VMware and Linux
29 January 2009 | Jason
I installed VMware Workstation 6.5 with my new Windows 7 install in the hopes that I would still have linux on my machine somehow. I gave up on OpenSUSE trying to work properly after a few weeks of trying to get everything working properly on my hardware and went back to Windows. I should have tried to install again with a new properly burned install disk, but was too lazy. VMware installed easily in Windows, and I started it up. I got an install disk for OpenSUSE and installed that. After installation and fiddling around a little, Yast would not open. I tried installing again, this time from the net install disk. It would not load the repositories. Then I tried the DVD. It installed fine but would not connect to the internet. Confused, I wondered what was with my internet. I had tried it both bridged and with NAT settings, but nothing. I eventually installed XP and found out that internet was truly not working. After a little searching on the internet, I found I needed to use internet connection sharing with the host only adaptor. I did and success! I had internet. After much more fiddling, I still did not have everything to my liking. With even more fiddling, fewer and fewer things worked the way I wanted them to.

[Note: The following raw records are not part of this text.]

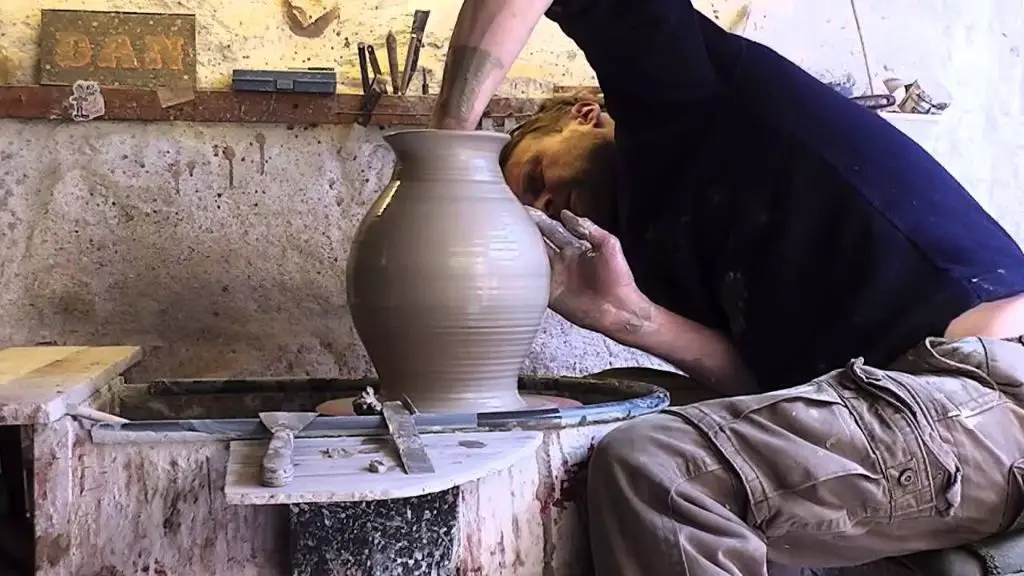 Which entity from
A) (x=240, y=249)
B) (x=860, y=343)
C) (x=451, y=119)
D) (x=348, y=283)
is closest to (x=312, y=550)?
(x=348, y=283)

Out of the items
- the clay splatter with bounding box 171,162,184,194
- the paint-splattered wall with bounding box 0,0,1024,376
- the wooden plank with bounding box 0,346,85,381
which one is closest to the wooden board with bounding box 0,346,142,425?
the wooden plank with bounding box 0,346,85,381

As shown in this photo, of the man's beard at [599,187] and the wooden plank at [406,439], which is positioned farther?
the man's beard at [599,187]

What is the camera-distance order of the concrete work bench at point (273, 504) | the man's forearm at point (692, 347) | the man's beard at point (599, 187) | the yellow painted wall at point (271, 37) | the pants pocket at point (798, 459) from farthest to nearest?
1. the yellow painted wall at point (271, 37)
2. the man's beard at point (599, 187)
3. the man's forearm at point (692, 347)
4. the pants pocket at point (798, 459)
5. the concrete work bench at point (273, 504)

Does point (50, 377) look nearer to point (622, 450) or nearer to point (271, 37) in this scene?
point (622, 450)

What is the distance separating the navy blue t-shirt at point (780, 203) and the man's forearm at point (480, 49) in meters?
0.15

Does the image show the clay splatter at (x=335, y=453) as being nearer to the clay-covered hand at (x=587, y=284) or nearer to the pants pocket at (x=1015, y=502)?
the clay-covered hand at (x=587, y=284)

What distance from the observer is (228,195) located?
6.46 ft

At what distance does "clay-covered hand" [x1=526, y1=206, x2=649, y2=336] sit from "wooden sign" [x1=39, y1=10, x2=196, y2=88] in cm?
79

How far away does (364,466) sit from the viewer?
1.02 meters

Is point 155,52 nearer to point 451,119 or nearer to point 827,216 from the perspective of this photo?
point 451,119

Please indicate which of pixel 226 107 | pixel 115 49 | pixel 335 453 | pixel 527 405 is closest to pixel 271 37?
pixel 226 107

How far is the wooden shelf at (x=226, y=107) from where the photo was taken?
1841mm

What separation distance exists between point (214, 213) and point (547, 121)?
66 cm

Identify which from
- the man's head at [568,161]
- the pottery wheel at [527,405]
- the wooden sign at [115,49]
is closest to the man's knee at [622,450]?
the pottery wheel at [527,405] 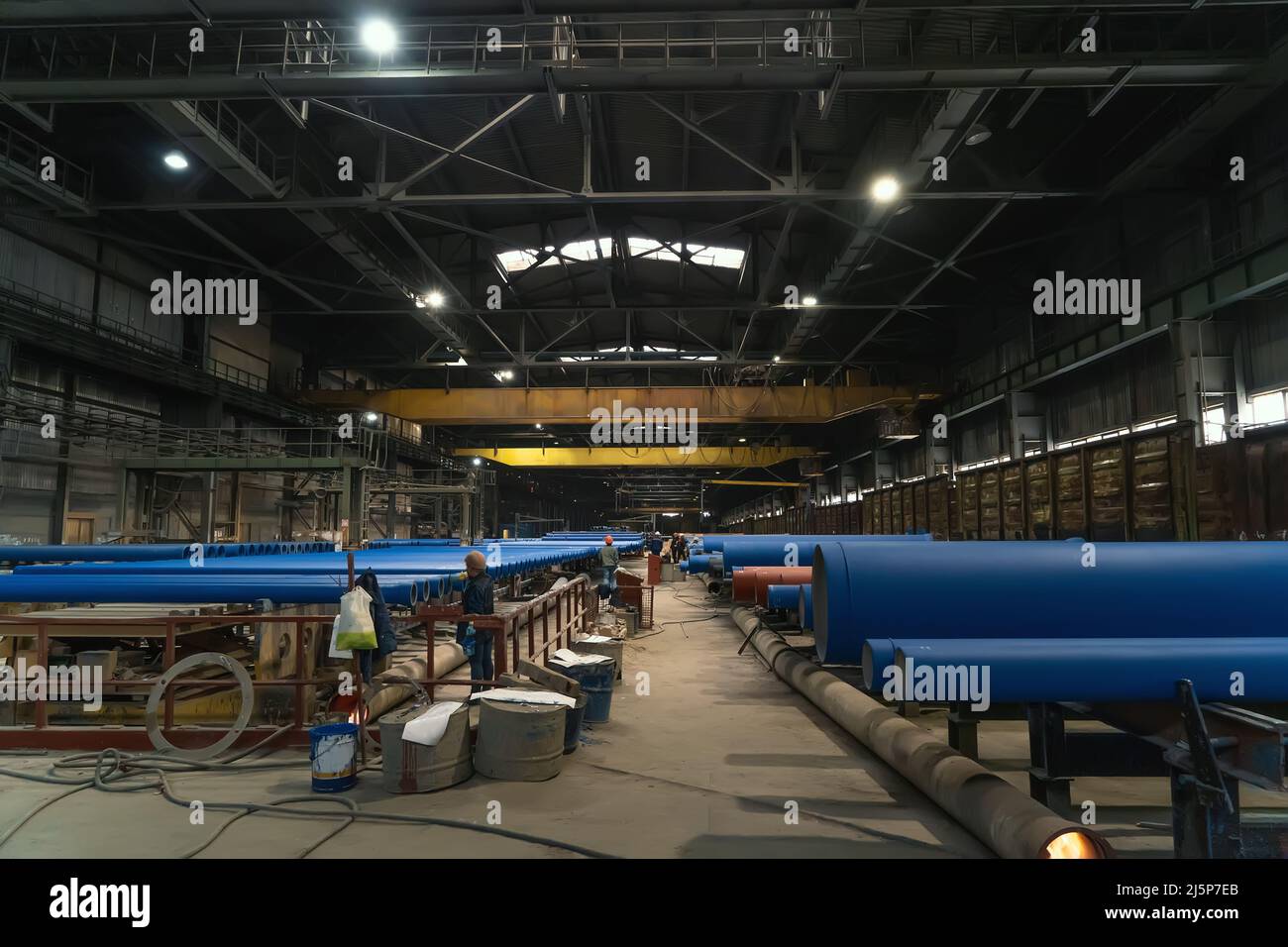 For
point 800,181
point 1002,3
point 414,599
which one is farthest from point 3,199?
point 1002,3

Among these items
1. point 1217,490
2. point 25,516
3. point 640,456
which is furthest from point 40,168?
point 1217,490

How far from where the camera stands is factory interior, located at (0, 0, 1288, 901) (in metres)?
3.56

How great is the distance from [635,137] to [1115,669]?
1029cm

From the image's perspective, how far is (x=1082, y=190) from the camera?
32.6 ft

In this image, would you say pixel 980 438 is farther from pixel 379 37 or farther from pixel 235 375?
pixel 235 375

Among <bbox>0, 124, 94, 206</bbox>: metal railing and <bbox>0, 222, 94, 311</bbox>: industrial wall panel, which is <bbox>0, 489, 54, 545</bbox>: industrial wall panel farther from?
<bbox>0, 124, 94, 206</bbox>: metal railing

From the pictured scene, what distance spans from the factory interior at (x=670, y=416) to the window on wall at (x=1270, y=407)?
55 millimetres

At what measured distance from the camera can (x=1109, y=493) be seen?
948cm

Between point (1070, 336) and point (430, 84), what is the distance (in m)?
11.9

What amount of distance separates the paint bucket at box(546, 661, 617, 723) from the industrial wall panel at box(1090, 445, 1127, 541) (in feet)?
24.7

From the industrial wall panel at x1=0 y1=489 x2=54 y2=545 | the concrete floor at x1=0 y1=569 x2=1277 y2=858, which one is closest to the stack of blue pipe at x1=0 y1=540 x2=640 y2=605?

I also eventually installed Ubuntu and Kubuntu because I wanted to see if I still hated it as much as I did previously. For the most part, most things worked. The main problem was that because it was set up so the Xorg server would determine the screen resolution, it would default to a quite small 640×480 screen. VMware can resize its “screen size” so there is no actual default resolution that it will send other than a regular vga size screen. At least this was easily fixed with RandR. My next step was to install Debathena. After all, this was the main reason I was willing to try Ubuntu again. MIT SIPB all use Ubuntu and does not support the other distros very well. On Ubuntu I ran into some troubles with it not resolving dependencies well, but for the most part it has worked on Kubuntu. The last struggle I have is getting zephyr to work. Currently it says it times out when trying to get a location. Not sure what that means because a quick google search does not lead to any help about zephyr nor does the the documentation. I have not tested that thoroughly yet, but most stuff seems to be working.
My problems include a variety of everything from general system lagginess (to be expected, but not this much) to sound skipping to everything still not working perfectly. Overall on all of the systems, they’ve been slightly laggy when transitioning between my host OS and the guest OS, but once I’ve been inside the guest for a few seconds, the mouse works fine. The keyboard lags and may occasionally drop keys or repeat one. The sound has also been choppy on the systems. I looked up suggestions to change sizes of some of the settings, but that didn’t help much. My networking is still sometimes spotty and does not work as well as I would hope. Maybe VMware will fix this in Windows 7 soon.
When emulating things, do not expect them to be as fast as they would be on their native hardware. Be ready to wait in frustration.